Something which never seems to get mentioned nowadays is the serving method. People go on about crap like "mlíko" pours - something I never came across in the 1980s and which I suspect was just made up recently. But not the reason why Czech beer was so drinkable: air pressure. Rather than CO2, air pressure was used to pump up beer from the celaar. Much like tall fonts in Scotland. The resulting half litre had a wonderful creamy head, but wasn't overly fizzy. Being more like beer served through a sparkler in texture. Why does no-one lament the loss of this wonderful practice?

In recent years, breweries have been built as standard projects in Slovakia with an annual output of around 750,000 hectolitres, in Hurbanovo or in Banska Bystrica. This is intended to relieve the burden on breweries in the homeland of beer, Bohemia, and to generally improve quality. In the "U Kalicha", where Schwejk wanted to meet with the sapper Vodicka "at six o'clock after the war", there is now Pilsner Urquell, and this Prague restaurant is just as much a tourist attraction as "U Fleku" in Kremencova Street, where beer was brewed 33 years before Columbus discovered America.
"Rund ums Bier" by Emil Ulischberger, Leipzig, 1986, page 55.

The brewing industry was relatively undevelopped in Slovakia, which is why large new breweries were built there.

Here's a confession: despite having read Švejk in the original Czech, I've never been in U Kalicha. Too touristy, even in the 1980s. I preferred the more basic type of Czech pub. Ones in the third or fourth category in the official way of classifying pubs.

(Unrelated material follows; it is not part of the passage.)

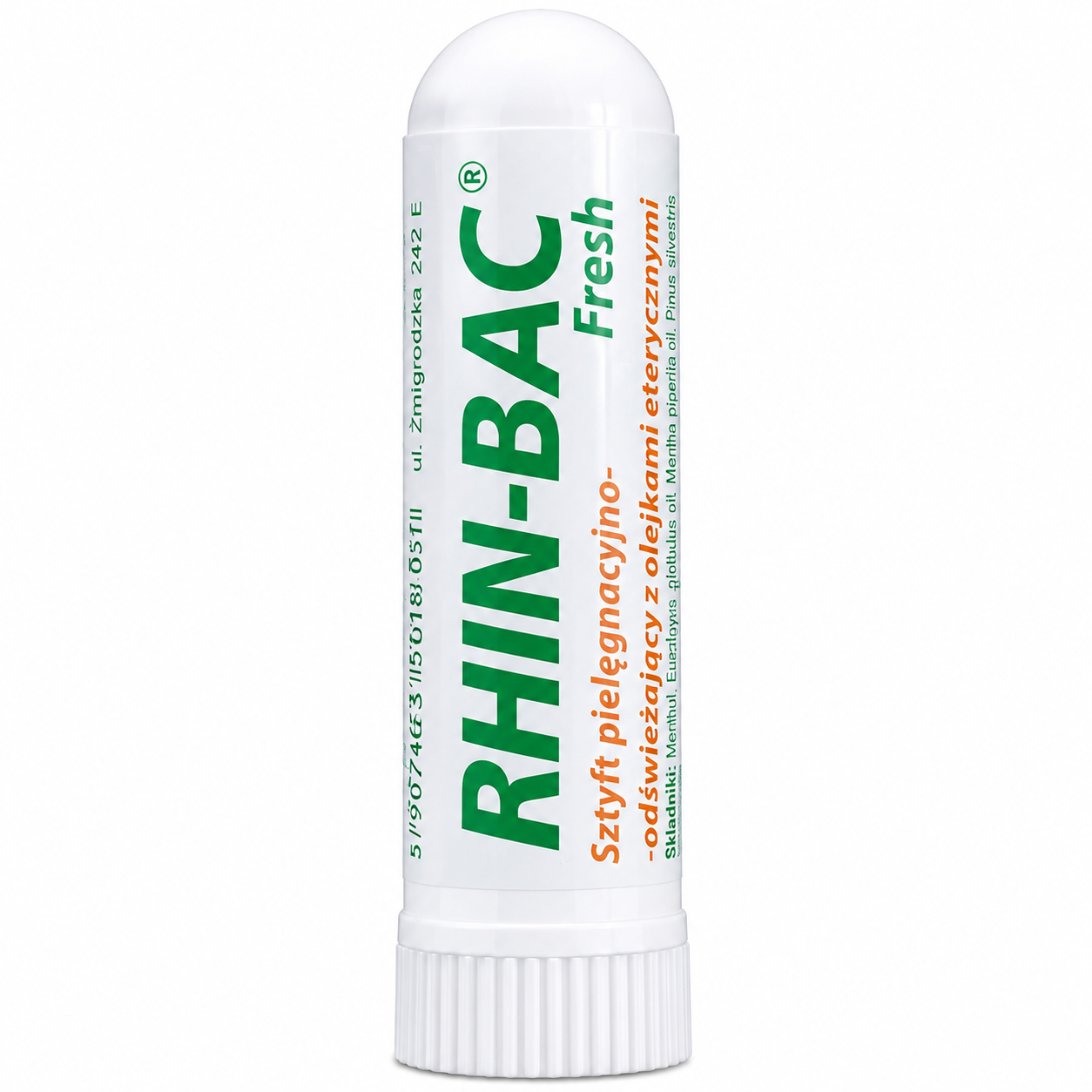 RHIN-BAC Fresh Essential Oil Refreshing Stick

The type of place that only sold 10º beer.

Of the 1,500 beer bars in Prague, however, “U Fleku” is one of the best known because, as I said, they not only serve beer here, they also brew it. The famous 13-degree dark lager has been available here since 1840 in the large beer garden and in the many stylish rooms decorated by Czech artists. The rooms have their own names, such as Jitrnice (liver sausage), Redakce (editorial office), Academy, V kufru (In a suitcase), Chmelnice (hop garden). However, there is an inimitable atmosphere in all rooms, and workers, craftsmen, writers, artists and scientists have always sat together at the beer table in cheerful and contemplative conversation, stimulated by the tasty dark beer.
"Rund ums Bier" by Emil Ulischberger, Leipzig, 1986, page 55.

U Fleku, on the other hand, was a wonderful place. Not totally swamped with tourists and genuinely having all walks of society clumped together along its long tables. And home to a magnificent dark Lager. The beer - at least the last time I was ther emore than ten years ago - was still excellent. The atmosphere, not so much so.

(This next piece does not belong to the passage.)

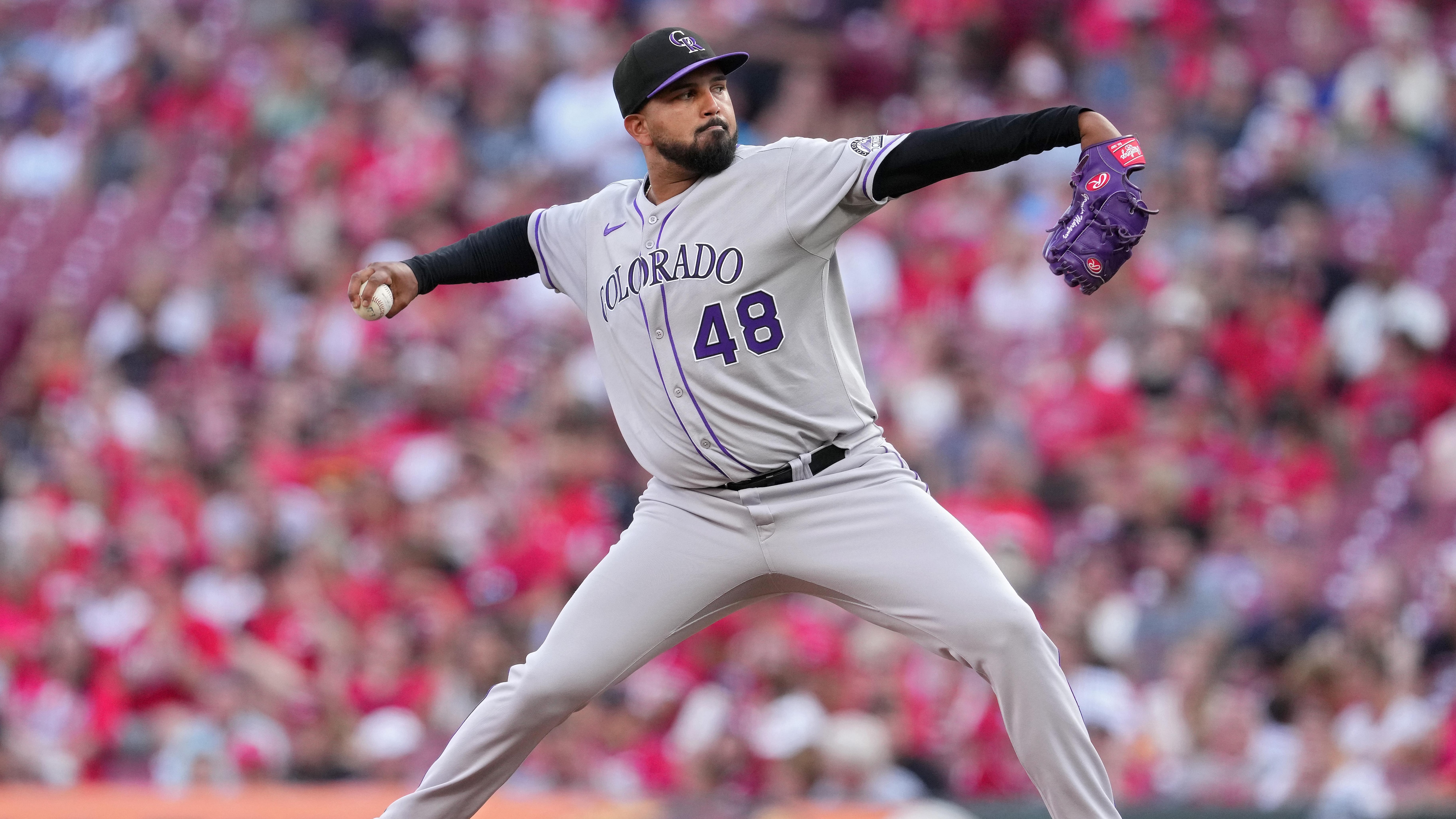 Colorado Rockies v Cincinnati Reds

These are specialties in the CSSR that are often recommended to visitors, because beer drinkers quickly agree on where a good beer flows from the tap.

By the way, beer from the CSSR is served in 80 countries around the world. Recently, for tropical zones (and not only for these), beer is available in cans with “Budvar” and a “golden pheasant” on the label.

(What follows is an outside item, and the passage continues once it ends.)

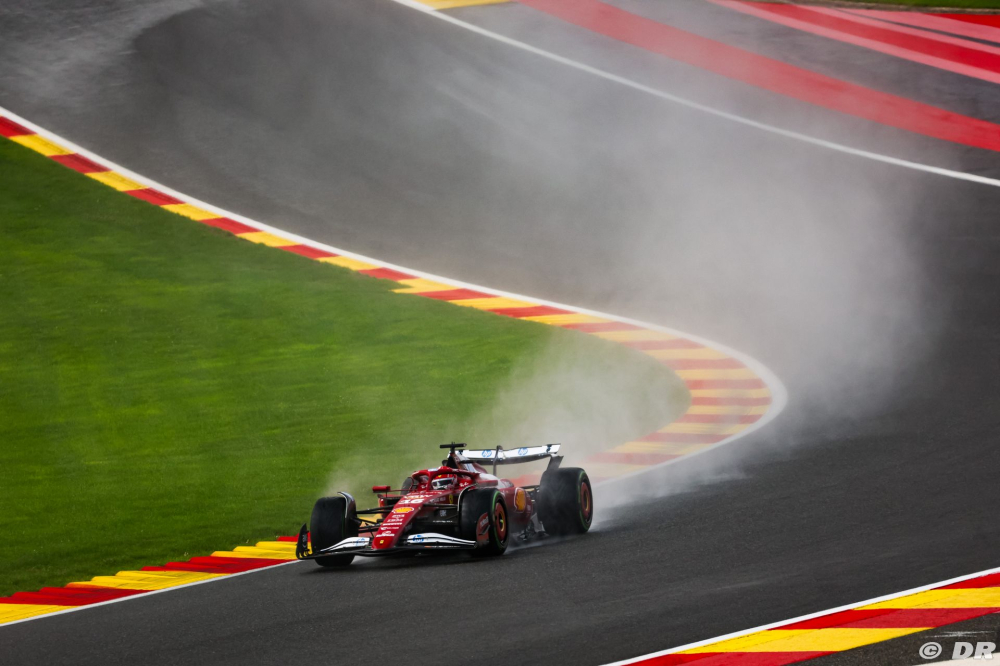 Aéro, composites : pourquoi Ferrari est 'un peu à la traîne' selon Arrivabene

In addition to “Urquell”, it is above all “Budvar” and “Crystal” from České Budějovice, the Prague “Staropramen” and the dark Pilsner lager “Diplomat” that have a good name all over the world and are witnesses to the art of Bohemian brewing. Over 1,250,000 hectolitres of Czechoslovak beer flow in a never-ending stream all over the world - to the delight of beer connoisseurs and beer drinkers!
"Rund ums Bier" by Emil Ulischberger, Leipzig, 1986, page 55.

Currently, Czechia exports considerably more than Czechoslovakia did in the 1980s. Over 5 million hectolitres.